Single by The "5" Royales
- B-side: "I'd Better Make a Move"
- Released: 1957
- Recorded: 1957
- Genre: Rhythm and blues
- Length: 2:35
- Label: King 5053
- Songwriter(s): Lowman Pauling

The "5" Royales singles chronology
| "Thirty Second Lover" (1957) | "Think" (1957) | "Messin' Up" (1957) |

= Think (The "5" Royales song) =

1957 single by The "5" Royales

"Think" is a rhythm and blues song written by Lowman Pauling and originally recorded by his group the "5" Royales. Released as a single on King Records in 1957, it was a national hit and reached number nine on the U.S. R&B chart.

==James Brown & the Famous Flames version==
In 1960, James Brown and the Famous Flames recorded a cover version of "Think". The song's instrumental backing featured a pronounced rhythmic attack that anticipated Brown's later funk music. Critic Peter Guralnick described Brown's version of the song as a "radical reworking... Sung rapid-fire with the kind of sharp prompting from the Famous Flames that was the aural equivalent of their precision steps, 'Think' embodied an approach different from any in the past, with not only the song but the structure of the song turned inside out and a classic shuffle blues rhythmically and melodically transformed." Douglas Wolk called it "[Brown's] first great dance record."

"Think" was released as a single on the King Records subsidiary label Federal Records and charted #7 R&B and #33 pop in June 1960, staying on the latter chart for eight weeks. ("Think"'s B-side, "You've Got the Power", was also a hit, reaching #14 R&B and #86 pop, the latter song only spending a week on the chart.) It was Brown and the Famous Flames' first recording to enter the Pop top 40, and their next-to-last single for the Federal label before they switched to King. "Think" was also included on Brown's 1960 album of the same name.

===Personnel===
- James Brown - lead vocal

and the Famous Flames:
- Bobby Byrd - vocals
- Bobby Bennett - vocals
- Baby Lloyd Stallworth - vocals
- Bill Hollings - vocals
- Johnny Terry - vocals

with the James Brown Band
- Alfred Corley - alto saxophone
- J.C. Davis - tenor saxophone
- Bobby Roach - guitar
- Bernard Odum - bass guitar
- Nat Kendrick - drums

===Other James Brown versions===
James Brown & the Famous Flames recorded an extremely fast live rendition of "Think" for their 1963 album Live at the Apollo. Brown also performs the song on Live at the Apollo, Volume II in a duet with Marva Whitney.
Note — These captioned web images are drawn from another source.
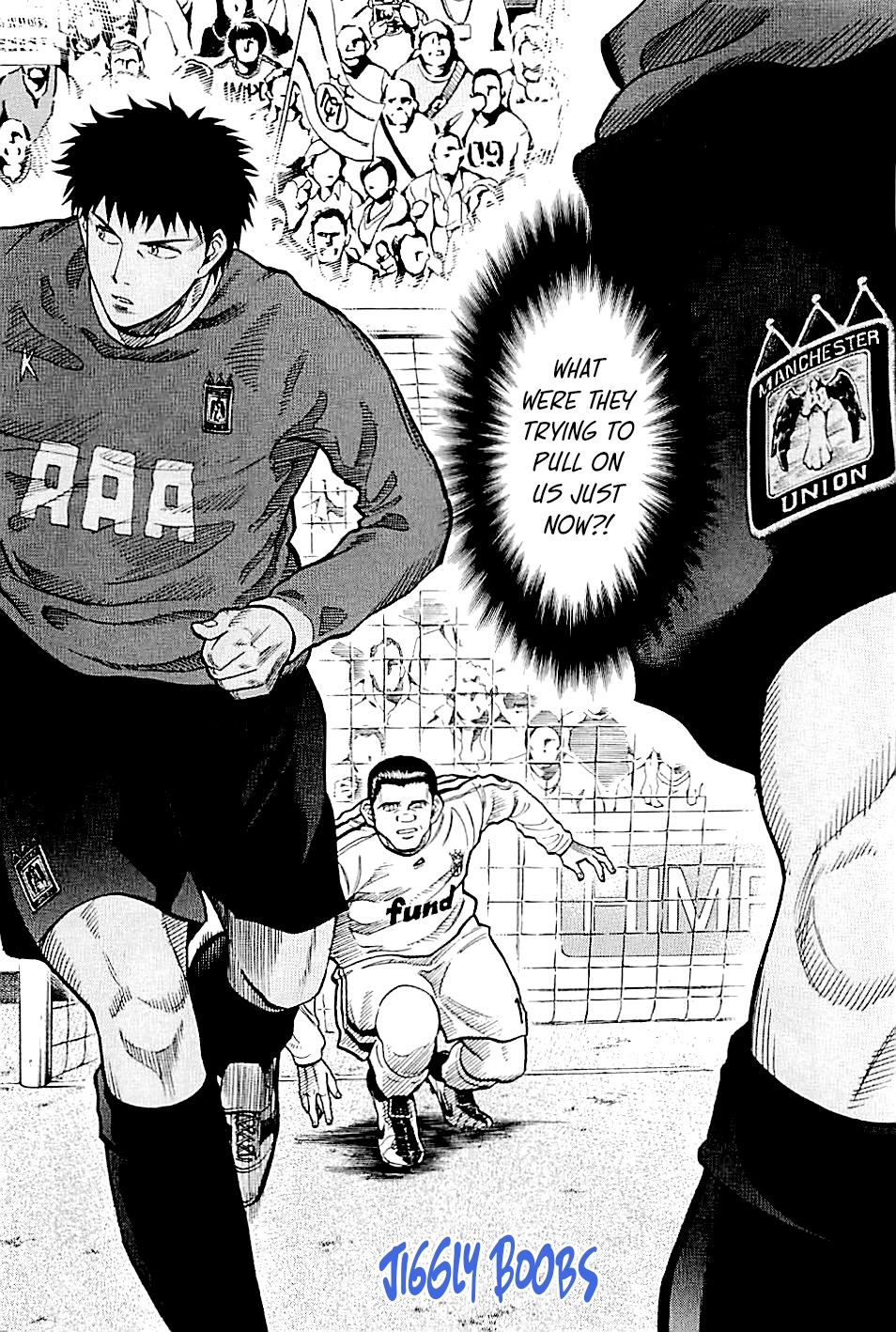 Lost Man Chapter 98 page 17 - 
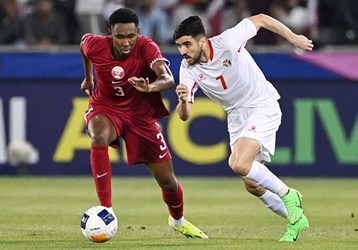 video Highlight : U23 Jordan 1 - 2 U23 Qatar (U23 châu Á)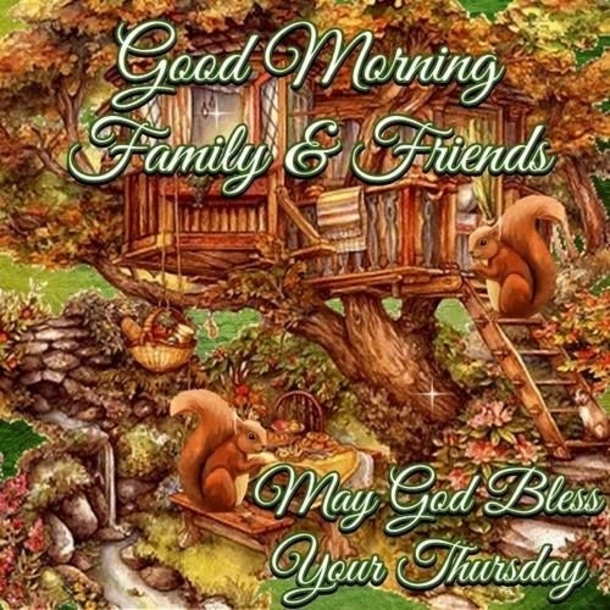 50+ Good Morning Thursday Quotes & Sayings - picture 34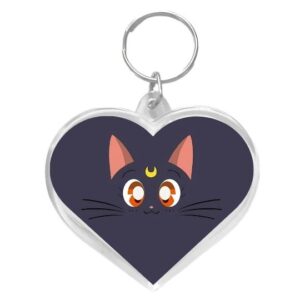 Llavero corazón Luna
In 1967, Brown recorded "Think" in the studio as a duet with Vicki Anderson. The version grazed the bottom of the Pop chart, peaking at #100. Brown returned to "Think" again in 1973, when he released two different solo performances of the song as singles on the Polydor label, both of them backed with his cover of the Beatles' "Something". Both versions charted, the former at #15 R&B and #77 Pop, the latter at #37 R&B and #80 Pop.

==Other cover versions==
- Bobby John of the Kings of Rhythm covered the song which was released on Ike & Tina Turner's 1964 album Revue Live.
- Mick Jagger covered "Think" on his 1993 solo album Wandering Spirit.
- People! covered the song on their 1969 album Both Sides of People and again on Best of People! Vol. 2 (2006).
- Booker T. & the M.G.'s recorded an instrumental version of the song for their 1966 album And Now!.
- Linn County covered the James Brown version of the song on the 1968 album, Proud Flesh Soothseer.